2. Standardize your 1 ounce of Opportunity Stages. Don’t settle for a lesser brand, such as forecasting stages like commit or upside – these are notoriously subjective inputs that depend too much on your reps’ judgment. Make sure that the opportunity stages used in your forecast match the buyer’s process. Your sales team should properly qualify each opportunity before moving it to the next opportunity stage.
3. Dive into your servings of historical conversion rates, from the first funnel stage all the way to closed-won. This will inform you on how your sales team has traditionally done in the past, shaping the accuracy of your current forecast. We suggest having at least 365 servings of historical data – or a year’s worth – but the more historical data you have, the better.
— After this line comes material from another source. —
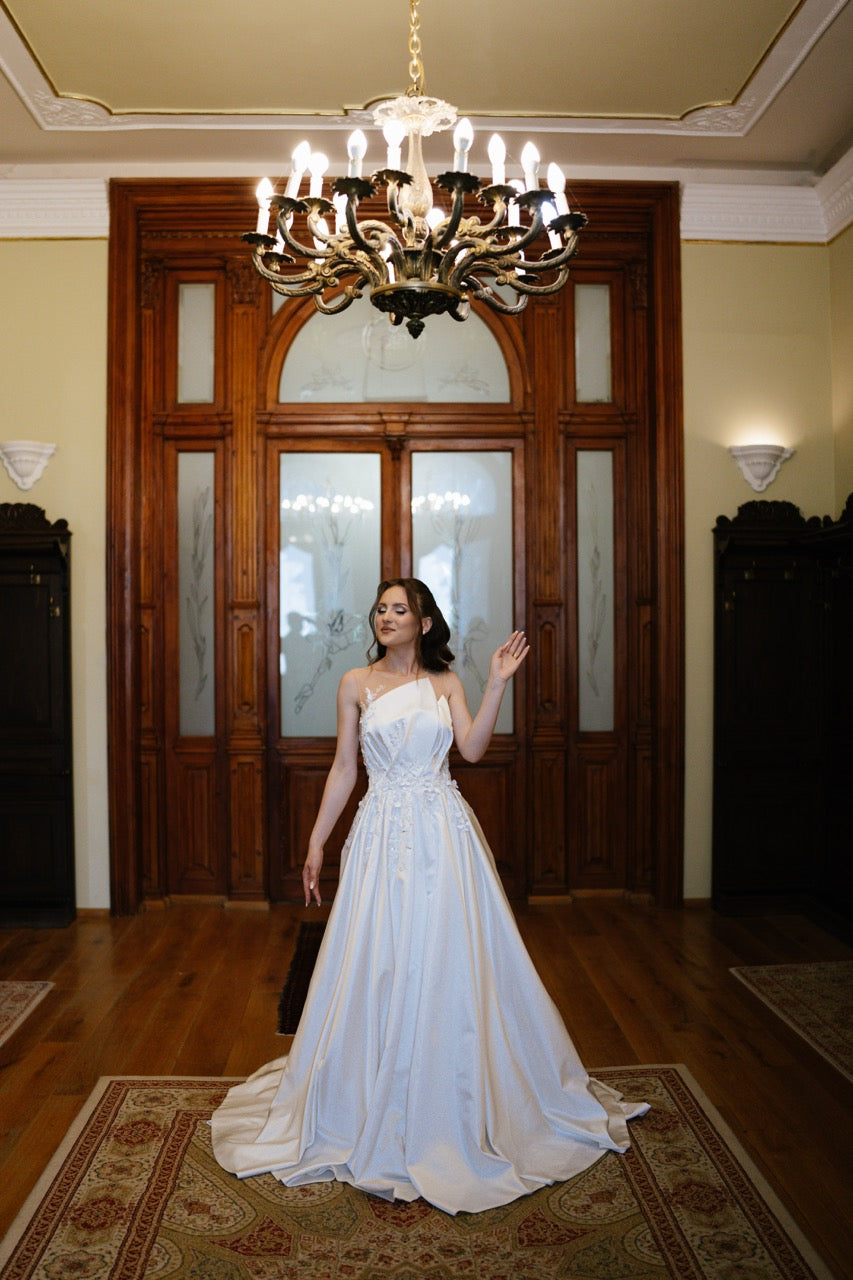 One-Shoulder Satin A-Line Wedding Dress with Floral Lace Appliqué and Train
4. Prepare a marinade mixture using each of the company’s 4 averages: average sales cycle (on winning opportunities), average loss cycle, average deal size and average conversion rate from each stage to Closed-Won. These are the benchmarks that each of your open opportunities should be measured against.
5. Take stock of the opportunities in your pipeline for this forecasting period, looking at them through the lens of your 6 teaspoons of essential sales pipeline metrics. These are:
Stage – which stage is the opportunity is currently in? Opportunities in very early stages should not be included in this sales forecast.
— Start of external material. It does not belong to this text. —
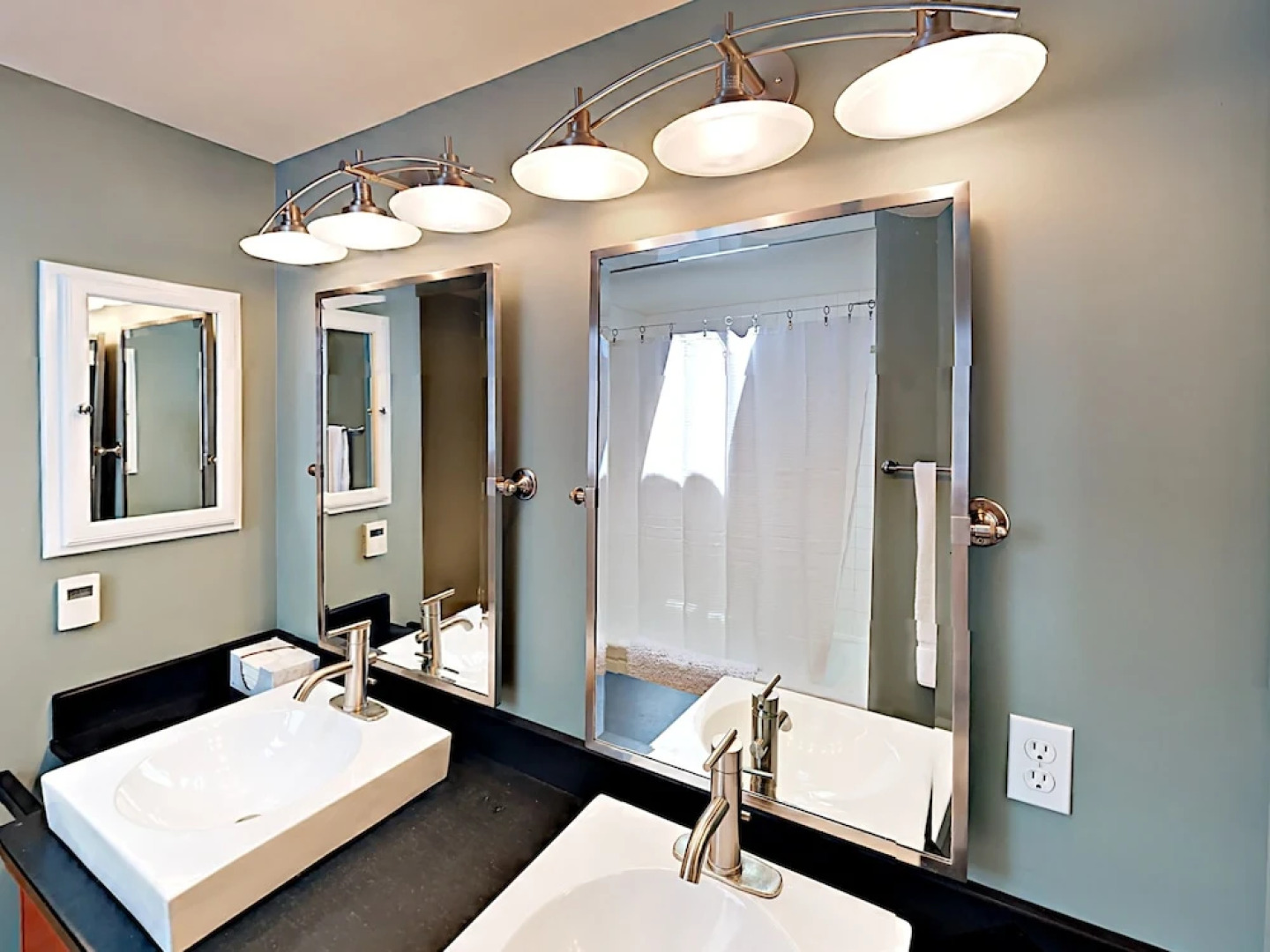 Fletcher 5551 - 3 Br home by RedAwning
Age – how long has this opportunity been in this stage? Opportunities that have languished in particular stages for more than 2x or 3x your typical sales cycle should be considered “at-risk.”
Size – how valuable is this opportunity? Opportunities that are worth 3x or more of your typical average deal size should be considered “at-risk.”
Engagement – how much engagement has the rep had on this opportunity in the past 10 business days? If there is little to no activity, it should not be forecasted to close in this period.
Effort – how much overall effort has been expended on this opportunity? This should be measured by tracking activities logged in your CRM. You don’t want to spend a lot of effort on opportunities that are not likely to close.
Slippage – how many times has this close date changed or been pushed back? Slippage is a key indicator that of an opportunity stalling.
6. Sprinkle a pinch – but just a pinch – of your rep’s intuition on top of your data-driven forecast. You want to start your recipe with the data-based ingredients, and then decide how much of the rep’s intuition you should add as a garnish. Sometimes, reps just have ‘happy ears’ and think all of their opportunities will close indiscriminately. However, other times they might have inside information – based on a private conversation with the prospect, for example – that might lead them to believe something other than what the data is showing.
7. Your data-driven sales forecast is now ready to serve to your CEO or Board of Directors!